A good resource is Stanford’s CS231n to get a feeling on convolutions.

1 Like

hi,
im having a similar problam with avgpool1d:

this is code:
self.bn1 = nn.BatchNorm2d(64)
self.layer1 = self._make_layer(block, 64, num_blocks[0], stride=1)
self.layer2 = self._make_layer(block, 128, num_blocks[1], stride=2)
self.layer3 = self._make_layer(block, 256, num_blocks[2], stride=2)
self.layer4 = self._make_layer(block, 512, num_blocks[3], stride=2)
if (self.extraClasses == 1 or extraLayer == 1) and extraFeat == False:
self.linear = nn.Linear(512 * block.expansion, num_classes)
if self.pool:
self.scores = nn.AvgPool1d(2, stride=2)

def forward(self, x):
out = F.relu(self.bn1(self.conv1(x)))
cnnOut = out
layer1 = self.layer1(out)
layer2 = self.layer2(layer1)
layer3 = self.layer3(layer2)
layer4 = self.layer4(layer3)

    out = F.avg_pool2d(layer4, 4)
    out = out.view(out.size(0), -1)
    featureLayer = out
    pool = 0
    if self.extraClasses == 1:
        out = self.linear(out)
        if self.pool:
            pool = self.scores(out)

in the attempt of calculating the pooling, i get the following:

RuntimeError: Expected 3-dimensional tensor, but got 2-dimensional tensor for argument #1 ‘self’ (while checking arguments for avg_pool1d)

thanks!

nn.AvgPool1d expects a 3D input tensor in the shape [batch_size, seq_len, features] while you are trying to use a 2D tensor. Could you explain your use case a bit more and what result would be expected?

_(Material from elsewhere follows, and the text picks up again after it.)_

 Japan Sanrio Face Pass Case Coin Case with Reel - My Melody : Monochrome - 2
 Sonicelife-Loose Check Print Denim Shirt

i want to take each 2 neurons at the end, and sum it up/ averge between them in the last layer.
meaning that if i had 20 neurons in almost final layer, ill have 10 neurons in the last layer

Assuming “between them” means neighboring features, a view and mean operation should work:

batch_size = 10
features = 20
x = torch.arange(batch_size*features).view(batch_size, features).float()

x = x.view(batch_size, -1, 2)
y = x.mean(dim=2)
print(y)